Hot dog with bacon-wrapped sausage and pineapple topping topcook.tomathouse.com
Ingredients:
Hot dog
- 8 beef hot dog sausages
- 8 pieces smoked bacon
- 16 pieces pickled jalapeños
- 8 hot dog buns
- Country mustard and ketchup for garnish
Sweet and spicy fruit filling
- 0.5 peeled pineapple, cut into 1.5 cm pieces.

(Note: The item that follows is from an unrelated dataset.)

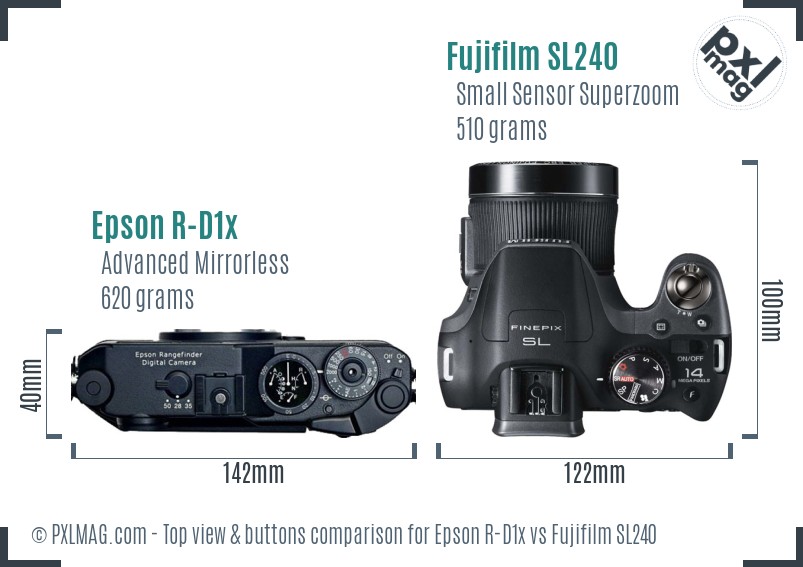 Epson R-D1x vs Fujifilm SL240 top view buttons comparison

- 1 peeled mango, cut into 1.5cm pieces.
- 1 seeded jalapeño pepper, chopped
- 1 finely chopped red chili without seeds
- 0.5 medium-sized red onion, finely chopped
- 1 tbsp. l. olive oil
- Juice of half a lemon
- 0.5 cup pickled cucumber relish (see preparation)
Preparation:
- For the fruit fillingHeat a grill pan over medium-high heat and grease it with vegetable oil. Grill the pineapple and mango until the pieces have grill marks, 1 to 2 minutes per side. Let cool, then cut into 1/4-inch cubes.
In a large bowl, combine the fruit with the jalapeño, red chili, onion, olive oil, lemon juice, and cucumber vinaigrette. Season with salt and pepper. Refrigerate.
Recipe pineapple filling for hot dogs.
- For bacon-wrapped sausagePlace a grill pan over medium-high heat. Cook the bacon for 1-2 minutes on each side, until the fat is slightly rendered but not cooked through. Transfer the bacon to a plate lined with paper towels to drain.
Using a sharp knife, make a small slit lengthwise in the center of each sausage (do not cut all the way through). Cut the jalapeño into long strips. Insert 2-3 jalapeño strips into the slit in each sausage.
Wrap each sausage in a strip of bacon and secure with a toothpick. In the same pan you cooked the bacon in, fry the sausages, turning frequently, until the bacon is crispy, about 5-6 minutes total.
- Before serving, toast the buns for 1-2 minutes on each side. Remove toothpicks from the sausages and place them in the buns. Top with fruit dressing and serve with ketchup and mustard.